Постукивая костылем по пересохшей земле, он вышел из света костра, исчез в темноте.
— Занятный старик! — с удовольствием проговорил Александр Михайлович, и по голосу было слышно, что он улыбается в темноте. — А насчет Гитлера он, в общем-то, правильно соображает. Значит, в народе поговаривают о войне?
— Всякое говорят. А ты как думаешь, генерал?
— Мои друзья-военные ждут. Успеть бы только перевооружить армию новой техникой. Но дадут ли они нам на это время? Там тоже не дураки. Дважды мне пришлось сталкиваться с немцами, в Мировую войну и в Испании на них пришлось посмотреть. Боюсь, что на первых порах тяжело нам будет.
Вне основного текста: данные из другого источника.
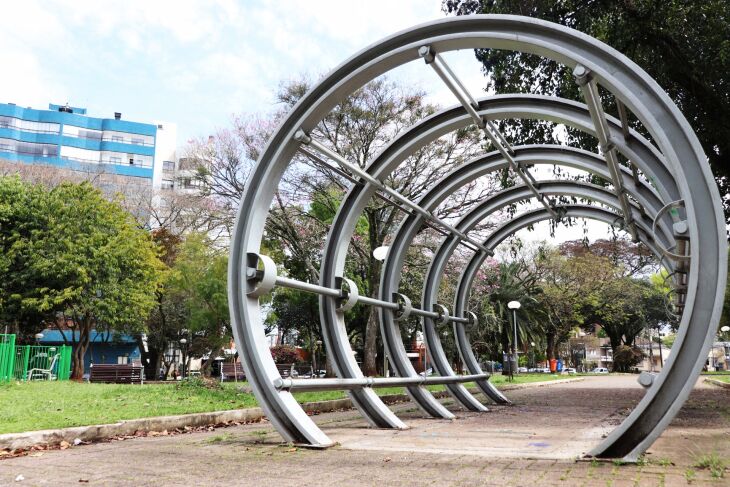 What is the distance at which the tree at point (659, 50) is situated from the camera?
9.34m

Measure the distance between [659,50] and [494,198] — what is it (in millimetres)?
3779

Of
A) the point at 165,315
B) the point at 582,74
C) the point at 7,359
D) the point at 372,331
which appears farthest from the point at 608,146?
the point at 165,315

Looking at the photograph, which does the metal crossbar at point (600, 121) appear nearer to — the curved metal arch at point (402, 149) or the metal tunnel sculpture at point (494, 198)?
the metal tunnel sculpture at point (494, 198)

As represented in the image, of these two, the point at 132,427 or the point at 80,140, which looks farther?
the point at 80,140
Армия у них отмобилизованная, обстрелянная, настоящую боевую выучку за два года приобрела, да и вообще противник серьезный. Но, черт возьми, ведь «русские прусских всегда бивали»? Побьем и на этот раз! Какой ценой? Ну, браток, когда вопрос станет — быть или не быть, — о цене не говорят и не спрашивают! Сообщения нашей печати успокаивают, а вообще-то поживем — увидим! Я лично не исключаю и того, что воевать будем скоро, возможно — и в этом году.
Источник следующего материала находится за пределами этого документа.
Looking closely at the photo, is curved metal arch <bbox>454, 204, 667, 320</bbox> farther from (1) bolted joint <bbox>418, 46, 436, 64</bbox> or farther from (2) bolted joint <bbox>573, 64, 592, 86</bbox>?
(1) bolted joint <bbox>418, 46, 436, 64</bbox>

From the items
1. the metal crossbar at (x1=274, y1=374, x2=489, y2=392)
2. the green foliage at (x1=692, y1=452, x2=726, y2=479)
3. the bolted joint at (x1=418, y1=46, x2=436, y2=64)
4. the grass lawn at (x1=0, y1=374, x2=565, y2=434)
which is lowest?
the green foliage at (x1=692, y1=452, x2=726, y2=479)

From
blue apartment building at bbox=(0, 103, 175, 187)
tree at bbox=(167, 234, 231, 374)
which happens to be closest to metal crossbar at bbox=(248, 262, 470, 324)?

Они проговорили до рассвета. Едва лишь забрезжило, Александр Михайлович снова вскипятил чайник, на заварку всыпал целую горсть чая и, потягивая из чашки черный обжигающий напиток, сказал:
— Привык пить там еще, в Сибири, предельно горячий, все из желания согреться, а теперь и не надо бы, но не могу отвыкнуть. Да, вот о чем тебя попрошу. Ты пригласи как-нибудь своего Ивана Степановича. Надо с ним потолковать. У него наивное представление о действительности. Если нескольких человек освободили, это не значит, что всех подряд будут освобождать. Мерзавец, который нас упрятал, сам оказался шпионом, притом с долголетним стажем. И только когда органы докопались и окончательно убедились в том, что он работал на немецкую разведку, да еще со времен нашего сближения с Германией, еще со времен Рапалло, — взялись за проверку наших дел, убедились, что предъявленные нам обвинения — чистейшая липа, ну и освободили, принеся соответствующие извинения… Мы были уже в лагерях, а дела наши два года разматывались до благополучного для нас кончика. Сложно все, Коля. До чертиков сложно! Давай, пожалуй, на этом закончим сегодня, а не то и рыбалка на ум не пойдет. Эту отраву вкушать надо небольшими порциями, иначе дурнить будет. Да у нас и времени в запасе целая неделя, обо всем успеем поговорить. Показывай-ка лучше свою сазанью снасть и просвещай, что надо делать, чтобы изловить этого зверя. Окуней я половил, а теперь мне надо добыть сазана, чтобы презентовать его Серафиме Петровне. Я должен быть до конца галантен. Понятен тебе мой рыцарский порыв?